Where buds alternate, the cut needs to be just above the bud and sloping away from it.

Pruning to new growth

Old stems which tend to be more ‘woody’ can be cut back at an angle just above a new fresh stem.


Some plants can be pruned quickly and effectively by cutting off the tops using sharp shears.

Pinching out

For some young plants, the soft growing tips can be pinched out to encourage new side branches and to develop a more rounded-shaped plant.

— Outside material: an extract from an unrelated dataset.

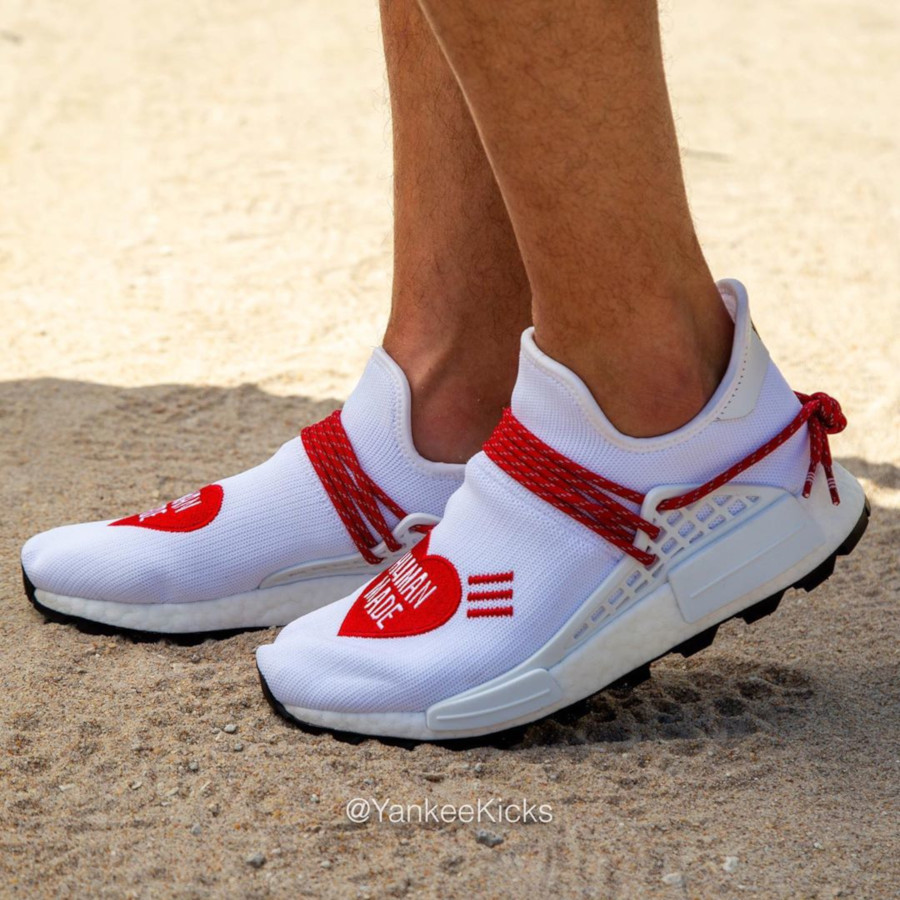 Adidas NMD HU Trail blanche et rouge EF7223 (2)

Examples of pruning cuts applied to particular plants

Cutting to buds: Hydrangeas, Cornus and Daphne

  •  Hydrangea paniculata grandiflora flowers in late summer on stems produced that year. Pruning last year’s growth promotes new flowering wood and results in larger flower panicles. Prune to one or two buds from the base of the stem and create an open framework. Hydrangea macrophylla (Mop head) flowers in summer from buds formed the previous summer. In late spring, after the frosts have finished, prune the stems back to a healthy pair of buds. Avoid pruning too much as there is a risk of removing too many of the flower buds.


  • Cornus (Dogwood). Cut out all the dead, thin, weak and diseased stems. Prune the strong stems back to the first pair of strong healthy buds by making a straight cut across just above the buds.


  • When Daphne matures, long growths will appear at the end of the main stems and these can be cut back by 20 cms using sharp secateurs. The cut should be made above a leaf bud and angled slanting away from the bud. This will result in increased flower production. (See above).

Pruning to new growth: Hamamelis (witch hazel), Corylopsis and Deutzia

These beautiful plants for the small garden can become too large, so need to be pruned; this also helps create a more attractive shape. Prune them just as the flowers are fading cutting back the taller branches by up to 50 cms. Remove old stems and leave new healthy branches.

Corylopsis and Hamamelis

Corylopsis and Hamamelis

Shearing: Heathers, lavenders and border perennials

  • Heathers and lavender can be pruned using sharp shears to cut the young stems just above the old woody stems leaving short lengths of the young green shoots. Don’t cut into the woody stems as these do not re-grow.

Heather and lavender

  • Some border perennials when they have grown to about 30/40 cms during the growing season can be cut back by a third. This will create bushier, more compact plants which will require less support later in the season and they will also flower more profusely. The whole plant can be cut back or only some selected stems and the rest left, which will allow the stems left to flower before those cut back, and extend the flowering period of the plant. Cut stems with secateurs and the whole top of the plant using sharp shears. This latter procedure is often referred to as the ‘Chelsea Chop’ and can be used in the late spring for plants such as Phlox, Sedum, Helianthus and Rudbeckia.

Pinching out: Daphne when youngDaphne pinching out

With the young plants, pinch out the soft green tips to form a bushy plant.